## Required work
Skip all pictures. Write out the data below from its first line through the line that contains "Миниатюра изображения товара".

## Source data
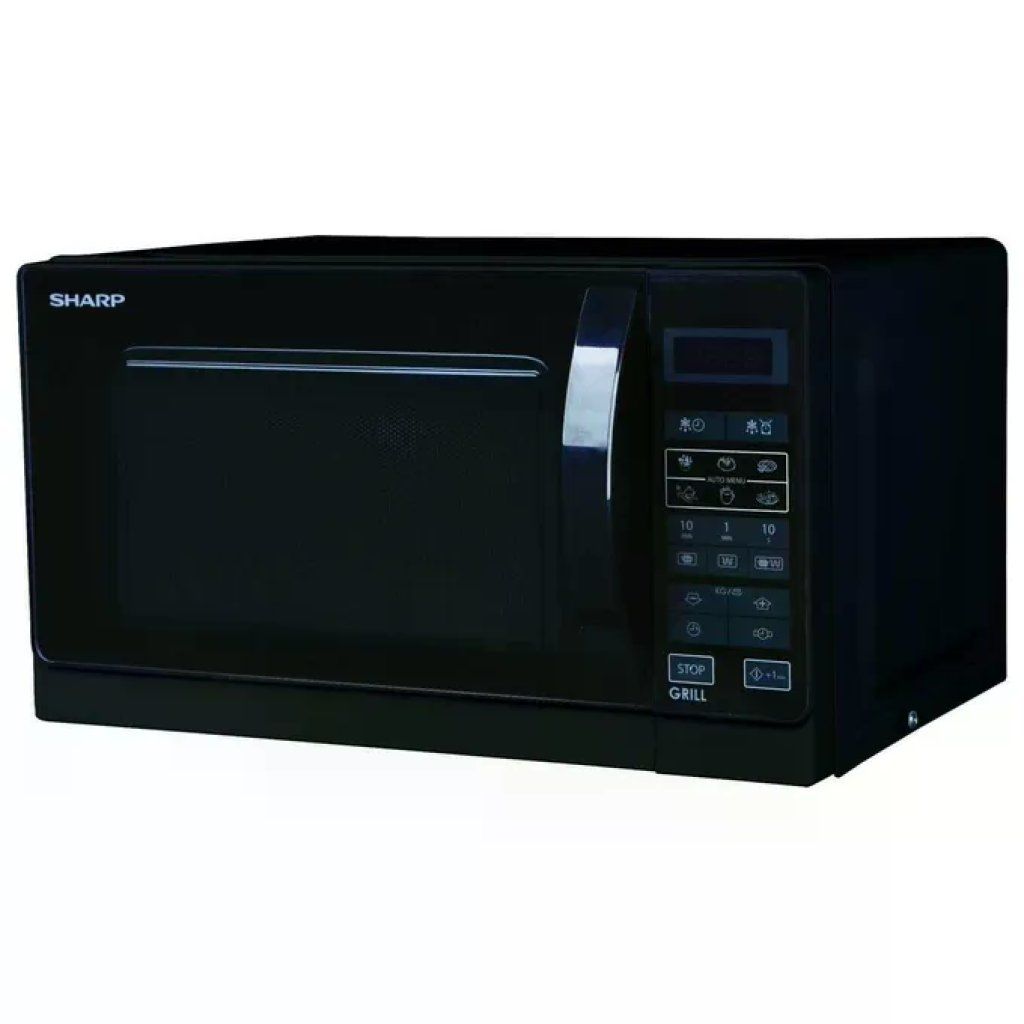Sharp R-742BKW Forno a Microonde con Grill 25 L, 900 W, Nero Sharp R-742BKW Forno a Microonde con Grill 25 L, 900 W, Nero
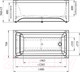 Миниатюра изображения товара Ванна акриловая Radomir Джоанна 140x70 / 2-01-0-0-1-252Р (с каркасом)
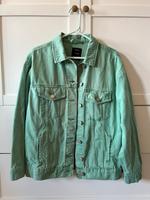 Hellgrüne Oversize Jeansjacke Nordrhein-Westfalen - Lage Vorschau
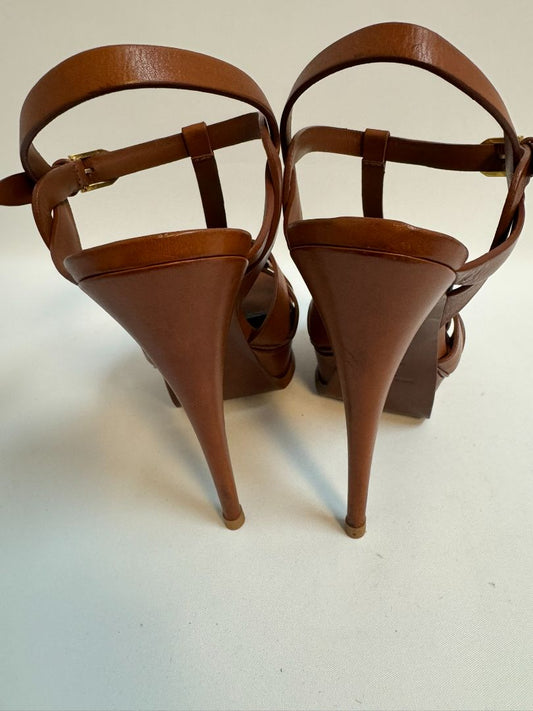 brown YSL platform sandals, 40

## Written solution
Sharp R-742BKW Forno a Microonde con Grill 25 L, 900 W, Nero Sharp R-742BKW Forno a Microonde con Grill 25 L, 900 W, Nero
 Миниатюра изображения товара Ванна акриловая Radomir Джоанна 140x70 / 2-01-0-0-1-252Р (с каркасом)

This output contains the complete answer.